■ **SUPPLIED DATA**:
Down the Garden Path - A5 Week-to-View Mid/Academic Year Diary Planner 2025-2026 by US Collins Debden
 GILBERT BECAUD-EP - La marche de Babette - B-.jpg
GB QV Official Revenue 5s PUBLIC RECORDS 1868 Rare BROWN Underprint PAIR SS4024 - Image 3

■ **WHAT YOU HAVE TO DO**:
Copy the data exactly as it was presented.

■ **RESPONSE FOR THIS EXERCISE**:
Down the Garden Path - A5 Week-to-View Mid/Academic Year Diary Planner 2025-2026 by US Collins Debden
 GILBERT BECAUD-EP - La marche de Babette - B-.jpg
GB QV Official Revenue 5s PUBLIC RECORDS 1868 Rare BROWN Underprint PAIR SS4024 - Image 3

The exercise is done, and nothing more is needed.